Item 1.01. Entry into a Material Definitive Agreement.
On August 6, 2018, Inseego Corp. (the “Company”) entered into a Securities Purchase Agreement (the “Purchase Agreement”) with two accredited investors (collectively, the “Investors”) pursuant to which, among other things, the Company issued and sold to the Investors, in a private placement transaction (the “Private Placement”), an aggregate of 12,062,000 immediately separable units (the “Units”), with each Unit consisting of (i) one share (each, a “Share” and, collectively, the “Shares”) of the Company’s common stock, par value $0.001 per share (the “Common Stock”), and (ii) a warrant (each a “Warrant” and, collectively, the “Warrants”) to acquire 0.35 of a share of Common Stock (subject to adjustment for stock splits, reverse stock splits, stock dividends and similar transactions) (each, a “Warrant Share” and, collectively, the “Warrant Shares”), for a purchase price of $1.63 per Unit, resulting in aggregate gross proceeds to the Company of approximately $19.7 million, comprised of approximately $14.8 million from Investor Golden Harbor Ltd., an affiliate of Tavistock Group, and approximately $4.9 million from Investor North Sound Trading, L.P.

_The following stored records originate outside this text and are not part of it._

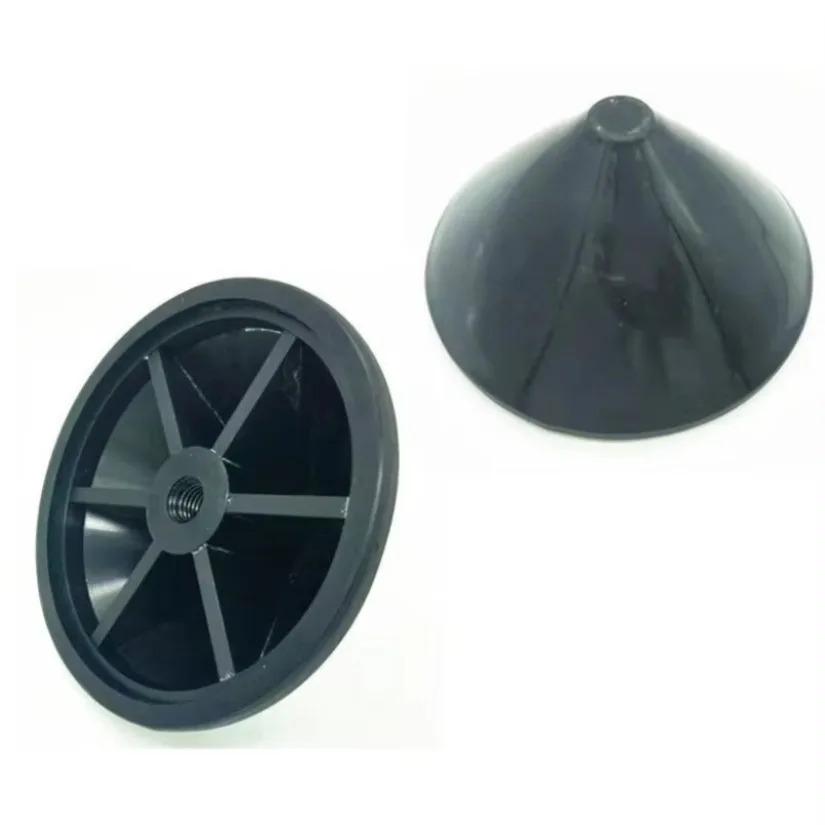 Tire Changer Machine Part Plastic 120mm Pressure Hold Down Cone Wheel Repair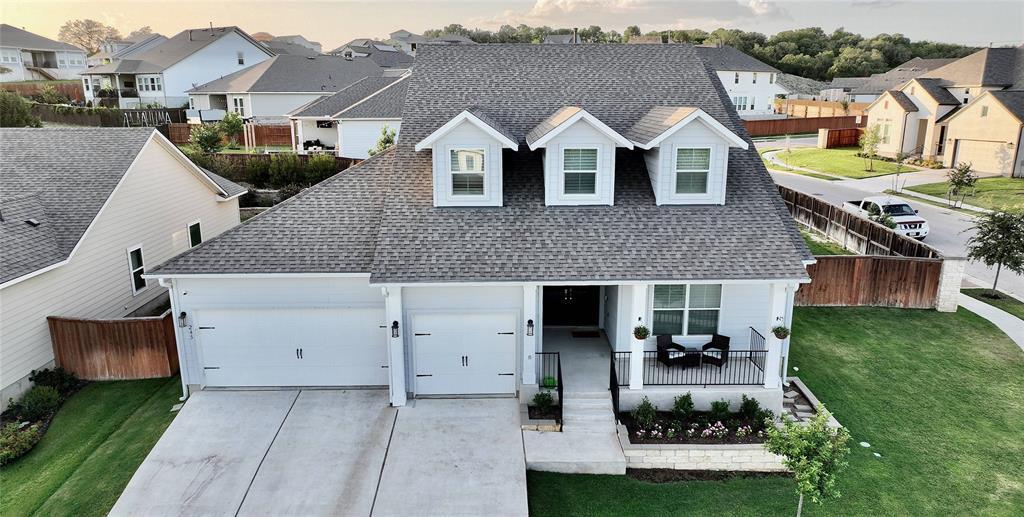 245 Orchard Park Dr in Liberty Hill, TX - Building Photo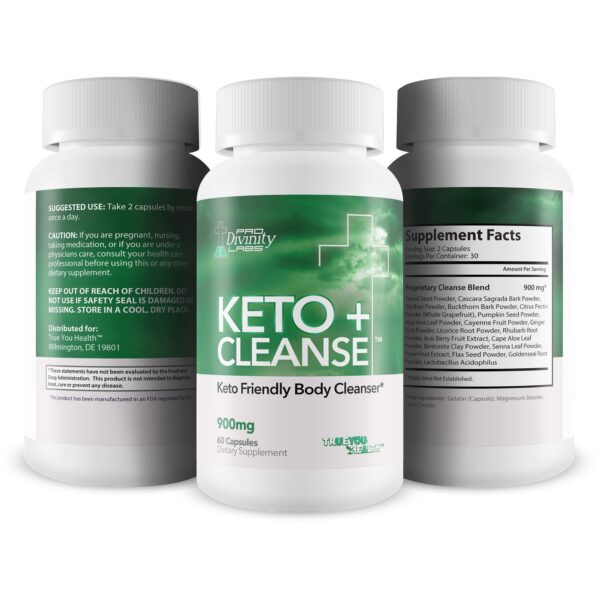 Imagen promocional Pro Divinity Labs Keto Cleanse para limpieza y energía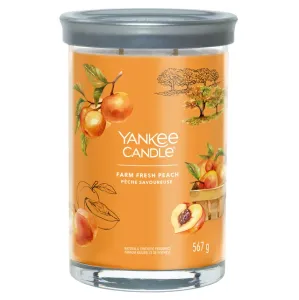 Yankee Candle Aromatická sviečka Signature tumbler veľký Farm Fresh Peach 567 g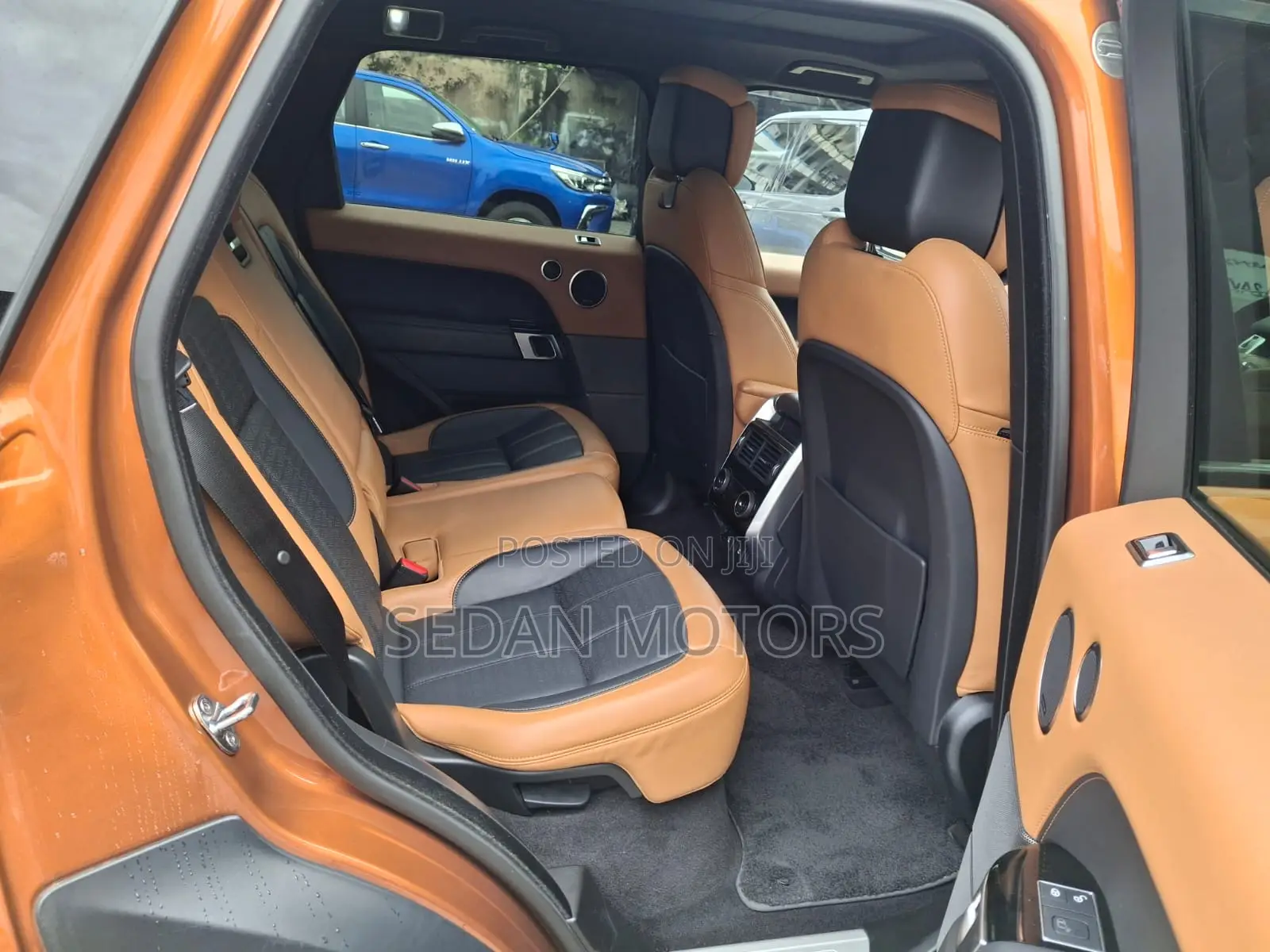Land Rover Range Rover Sport 2019 Brown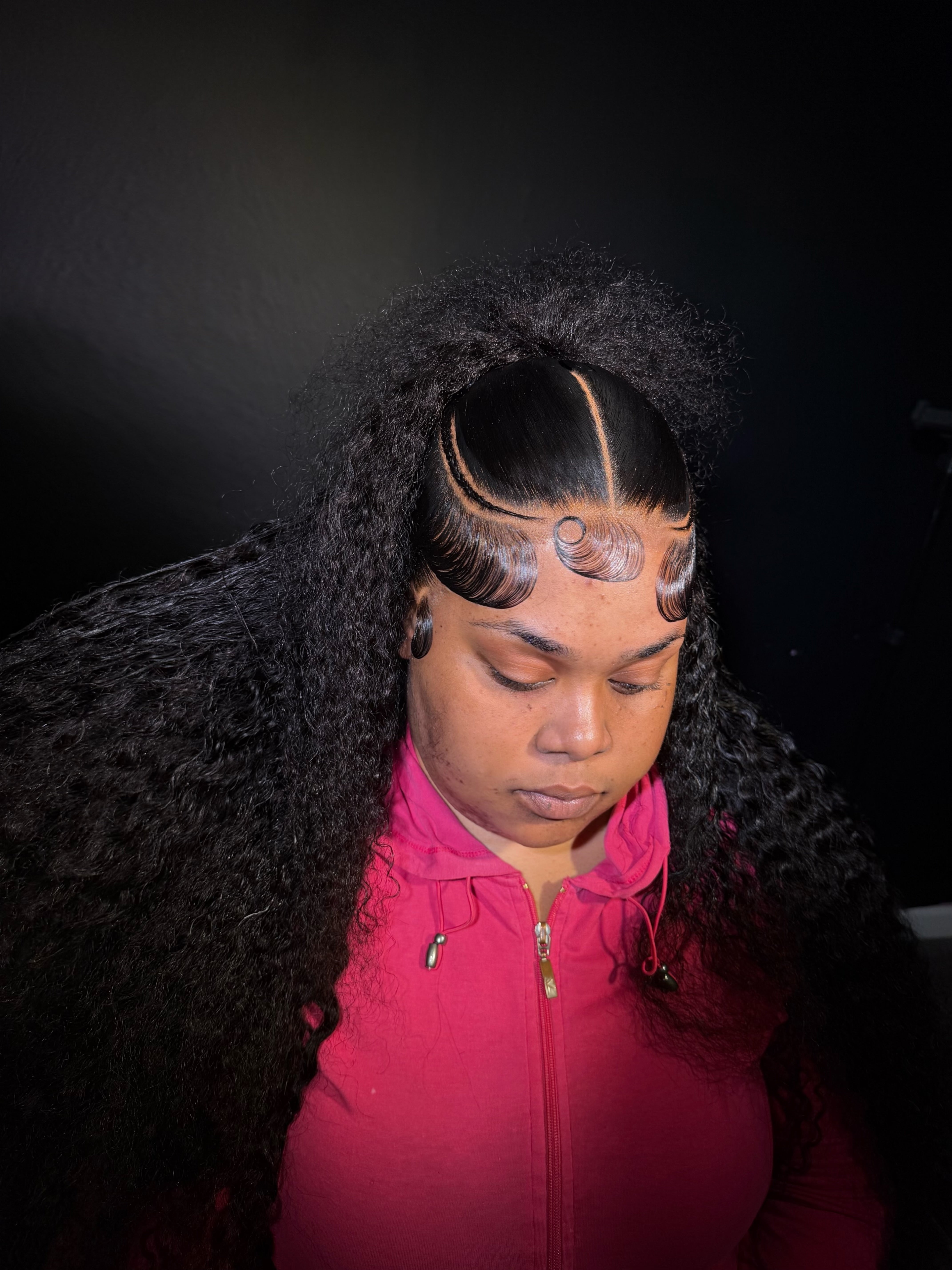 3 Curly Diffrent Length Bundles
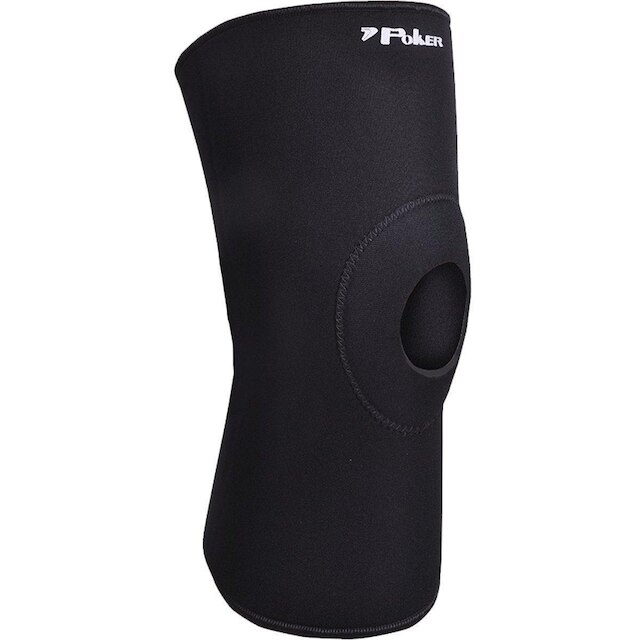 JOELHEIRA POKER NEOPRENE COM ORIFÍCIO E REFORÇO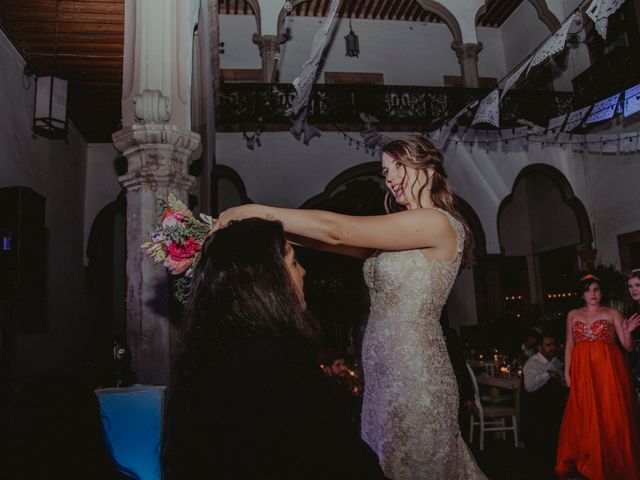 La boda de Eric y Haley en Querétaro, Querétaro 195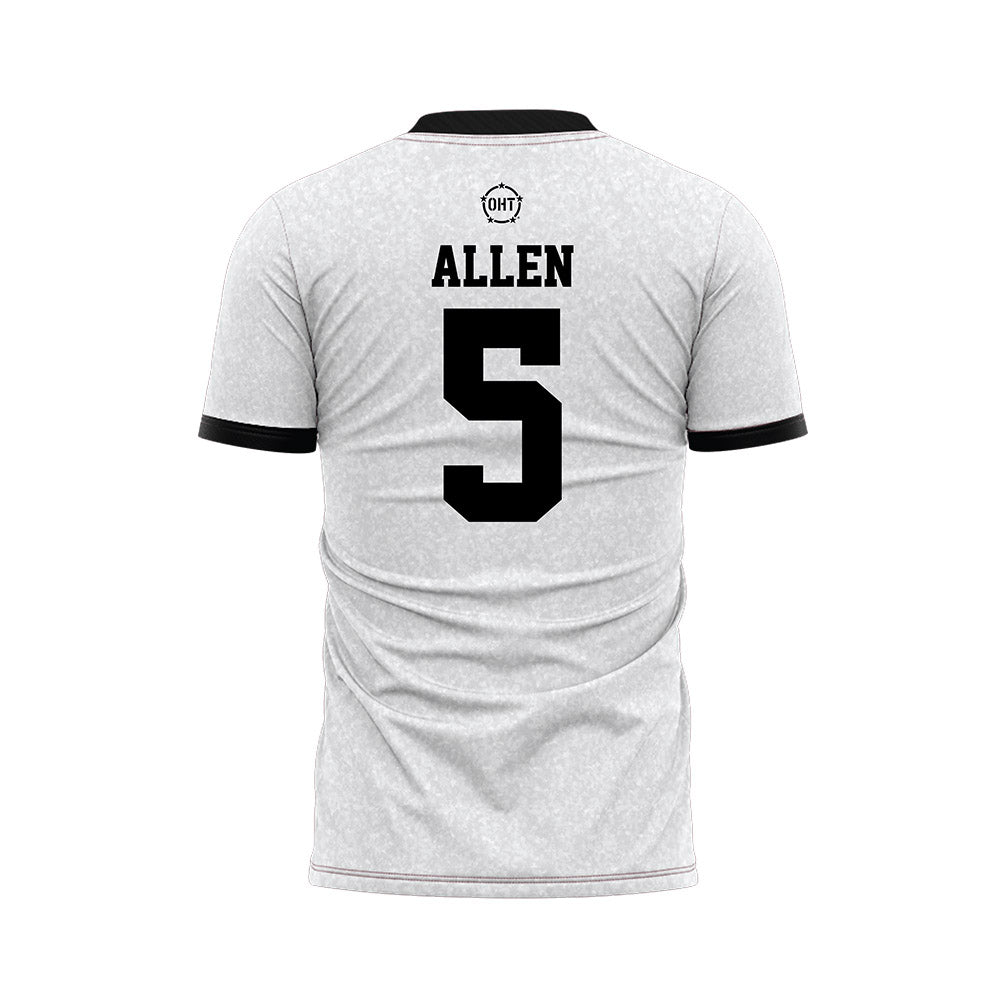 Alabama - NCAA Men's Basketball : Amari Allen - Operation Hat Trick Premium Activewear T-Shirt-1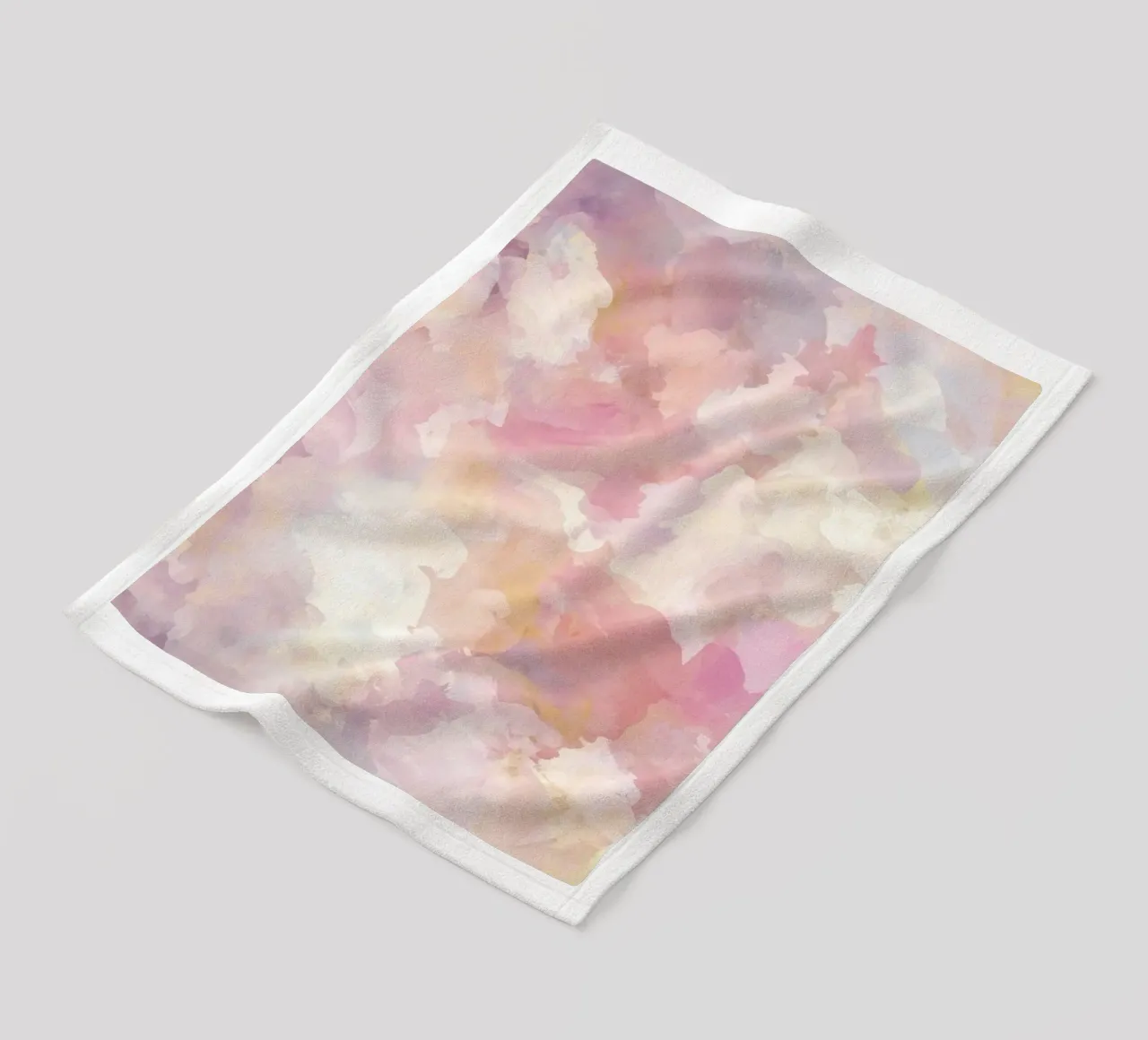 Pastel Pattern No 01 coperta in pile da treechild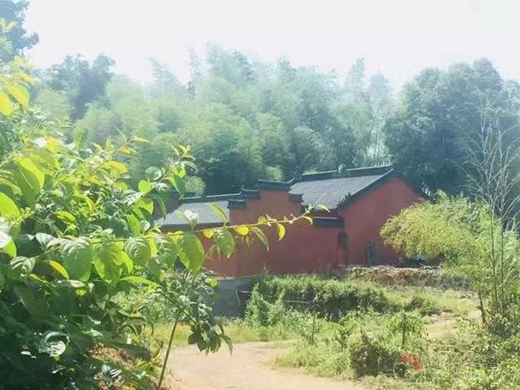 诸暨市道凝山白云观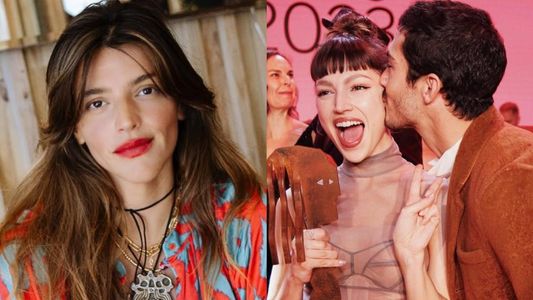 El inesperado gesto de Calu Rivero después de que el Chino Darín y Úrsula Corberó anunciaran que serán padres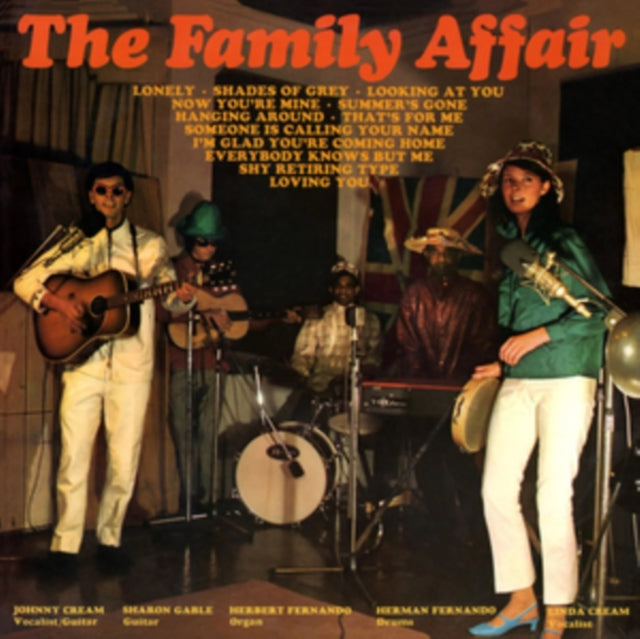 The Family Affair - The Family Affair [CD / Album]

Each Warrant has an exercise price of $2.52 per share of Common Stock, subject to adjustment for stock splits, reverse stock splits, stock dividends and similar transactions, will be exercisable at any time on or after February 6, 2019, and will expire on August 6, 2023. Each Warrant will be exercisable on a cash basis unless, at the time of such exercise, the Warrant Shares underlying such Warrant cannot be immediately resold pursuant to an effective registration statement or Rule 144 of the Securities Act of 1933, as amended (the “Securities Act”) without volume or manner of sale restrictions, in which case such Warrant shall also be exercisable on a cashless exercise basis.
Pursuant to the terms of the Purchase Agreement, each Investor will be entitled to designate one member of the Company’s board of directors (the “Board”). In addition, if at any time subsequent to the Closing Date, Golden Harbor Ltd. notifies the Company that it beneficially owns an aggregate of at least 20% of the then-issued and outstanding Common Stock and wishes to designate an additional member of the Board, then: (i) the Board shall increase the number of seats on the Board to equal seven, and (ii) (A) if the Board is then comprised of 6 members, the Board shall fill the newly created vacancy by appointing the additional designee selected by Golden Harbor, Ltd.; and (B) if the Board is then comprised of 5 members, the Board shall (1) fill one newly created vacancy by appointing the additional designee selected by Golden Harbor Ltd.; and (2) fill the remaining vacancy by appointing an independent director candidate selected by the Board. If, at any time, either Investor ceases to hold at least 5% of the then-outstanding Common Stock of the Company, such Investor shall no longer be entitled to designate any members of the Board.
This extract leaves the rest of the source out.